INSIGHTS INTO DEVELOPING PAID PLACEMENT STRATEGIES

A recent study co-authored by two researchers in Penn State's Smeal College of Business provides information gatekeepers on the Internet and World Wide Web with insights into developing paid placement strategies, such as a fee for preferential placement in the database, an increased relevance score in response to a query, featured listings on the results page or some other form of prominent display.

"On one hand, paid placement appears to be a financial necessity, embraced by most information gatekeepers, such as the major Web search engines. On the other hand, paid placement can hurt the gatekeeper's market share and its potential for advertising strategies," explains Hemant K. Bhargava, professor of management science and information systems in Penn State's Smeal College of Business. Bhargava and Juan Feng, a doctoral student in Smeal College, have developed a mathematical model for optimal design of a paid placement strategy.

Information gatekeepers specialize in collating, aggregating, and searching massive amounts of information on the Web, and can often charge consumers, advertisers, and information providers, for their ability to acquire and transmit information. They take on many forms -- search engines, comparison shopping sites, directory services, digital libraries, etc. -- but they are crucial entry points in today's information society.

"Even after transitioning into commercial entities, search engines relied heavily on advertising revenue and operated as a free resource to content providers and users. However, the recent drop in Internet advertising and cheap venture capital has forced commercial search engines to develop ways of generating revenue from content providers," says Bhargava.

"Content providers also like the idea of preferential placement. It is well known that the rankings of a result term is strong correlated with the probability that the user will follow up on the result term. Commercial content providers are interested in clickthroughs and conversion rates. For this reason, content providers have an incentive towards paid placement," says Feng. "However, paid placement strategies have a negative impact on a search engine's perceived quality and credibility. Generally speaking, search engines must act as referees of relevance or they will lose market share."

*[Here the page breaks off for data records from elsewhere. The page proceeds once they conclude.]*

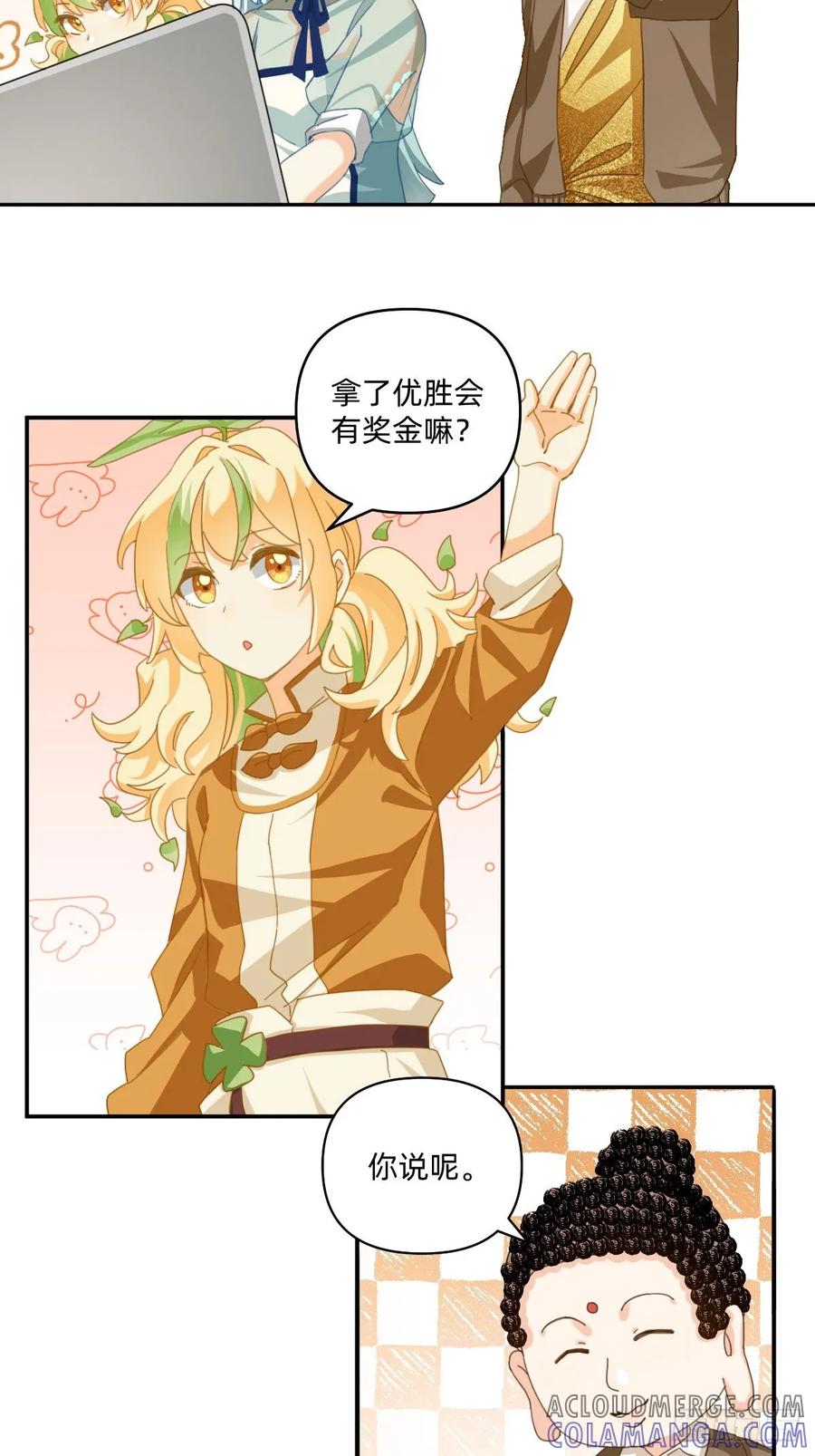《职场三分甜》106 运动会奖金！ 第2页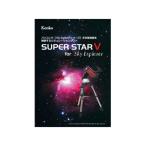 KENKO ケンコー  SUPER STAR V for Sky Explore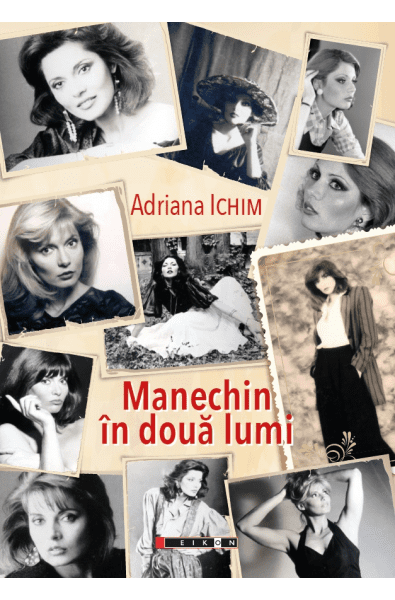 manechin-in-doua-lumi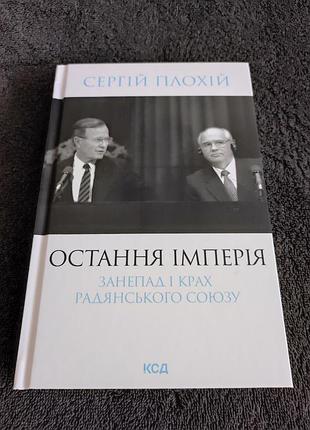 Сергей плохий. последняя империя. упадок и крах советского союза.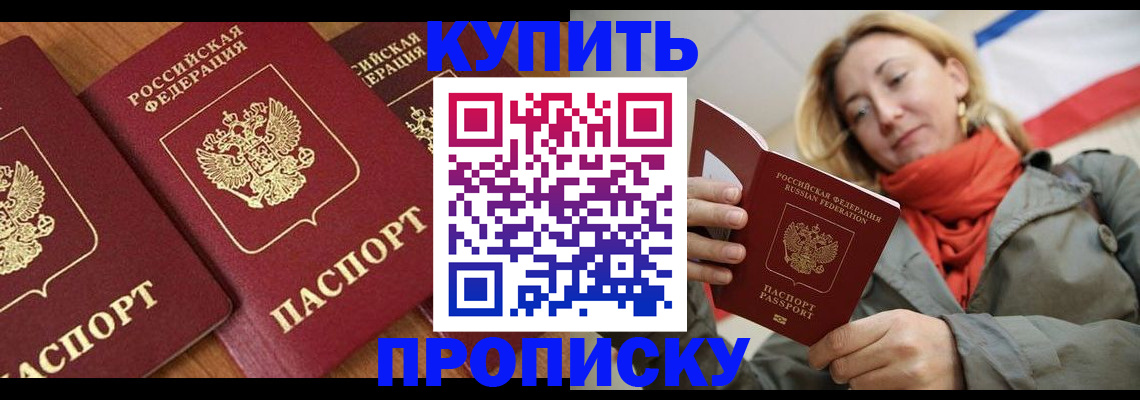 временная регистрация адрес в Южно-Сахалинске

Since loss of market share causes a fall in advertising revenue, search engines must trade-off potential revenues from paid placement with those from advertising.

The researchers analyzed the gatekeeper's tradeoff between revenue from paid placement and the potential loss in advertising from the loss of credibility. Specifically, they determine the optimal paid placement policy -- the optimal placement fee and the resulting percentage of sites that choose paid placement.

The results show that in general the gatekeeper should set paid placements at a below-ideal level due to the tradeoff. However, when disutility for paid placement is quite low, the gatekeeper can maintain its ideal placement revenues. The researchers also found that an increase in the gatekeeper's quality of service allows it to improve its utilization of paid placement. This also increases benefits for all players. However, an increase in the advertising rate motivates the gatekeeper to increase market share by reducing further its reliance on paid placement. As consumers get a better understanding of the factors underlying paid placement, the gatekeeper would likely need to spend heavily on marketing campaigns in order to minimize users' perceived disutility for paid placement.

The researchers are pursing extensions of this work, and their longer-term interest is to determine the optimal bias-level that would give a gatekeeper the best balance between advertising and placement revenues. They will present their paper, "Paid Placement Strategies for Information Gatekeepers," at the Eleventh International World Wide Web Conference. It is scheduled to take place May 7-10, 2002 in Hawaii.